Sonic Cinema

Sounds, Visions and Insights by Brian Skutle

My Winnipeg

Grade : A+ Year : 2008 Director : Running Time : Genre :
Movie review score
A+

Guy Maddin’s “My Winnipeg” is in the surreal tradition of Luis Bunuel’s films, David Lynch’s “Eraserhead” and “Inland Empire,” and silent films such as “Haxan: Witchcraft Through the Ages.” It’s my second time watching a Maddin film- after his 2004 film “The Saddest Music in the World,” which struck me as a sterile experience- and it made me instantly intrigued to discover more. It vibrates with the life and passion of its’ maker, which is heard in the voiceover commentary he provides throughout the film.

The film was commissioned as a documentary by the city’s fathers, but only those familiar with Maddin’s life-long home will know for sure how accurate it is. No matter- Maddin makes us believe it. What the filmmaker has done was create a dreamlike journey into his memories, with actors playing the part of his family- his mother, his brothers, and his sister, even his dog- while delving deep into the history of the city with his singular vision. The old Winnipeg Arena holds of particular affection for the director- he was supposedly born there, and his fondest memories of hockey- the national sport- reside there; even after it is torn down after the building of the sterile MT(S) centre (say it allowed and you’ll get the symbolism), the great players from Winnipeg and Maddin’s hometown of Manitoba lace up their skates and go to battle on the ice. A childhood memory of sledding onto the grounds of a Catholic girl’s school holds an oddly erotic charge as the images of pleaded skirts and descriptive adjectives flash on the screen. And a 3-level public pool- the first being co-ed, the second for women and girls only, the third being for men and boys only- has an air of mystery about it, not only for its’ odd structure but a story Maddin relays when it comes to going there.

Maddin’s films are peculiar, relying on old techniques of cinematic storytelling- stock footage, rear projection, iris shots, title cards, and pantomime performance, and grainy black-and-white cinematography- to tell their stories.
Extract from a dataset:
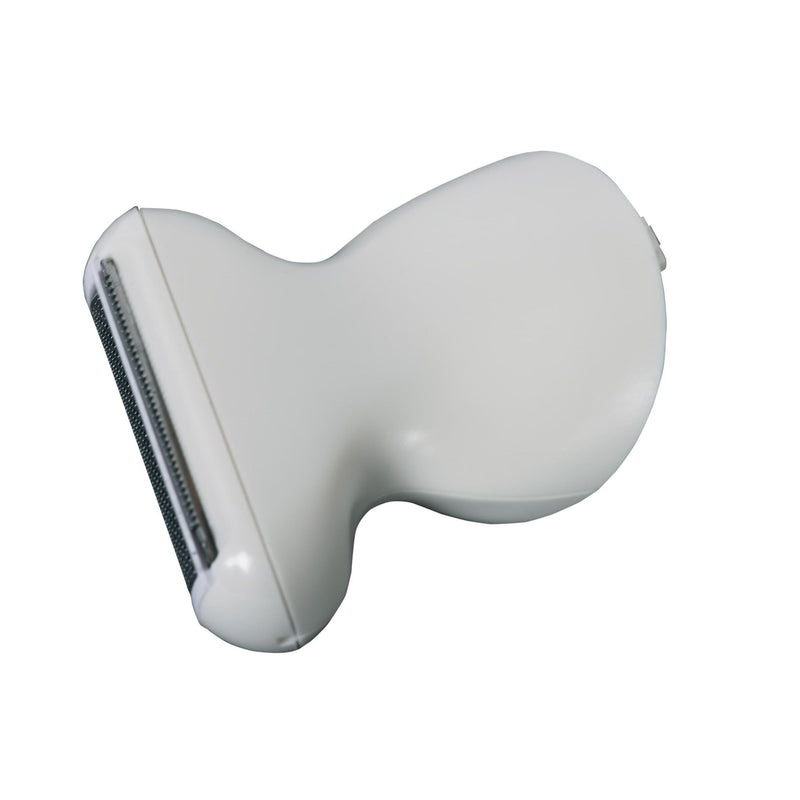Body scheermes Rowenta SS-1810002835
In “Saddest Music in the World,” the technique felt intrusive and like a magician showing off for an audience. Here, it feels completely in tune with its’ subject, as Maddin continues to go back to a man on a train, trying to leave Winnipeg, its’ memories, but always drawn back to the “sleepwalking city” by its’ oddities- like two taxi companies, one servicing the main streets, the other only the back roads- and allure. The combination of narrative, tone, and style is hallucinatory- you can’t take your eyes off of it.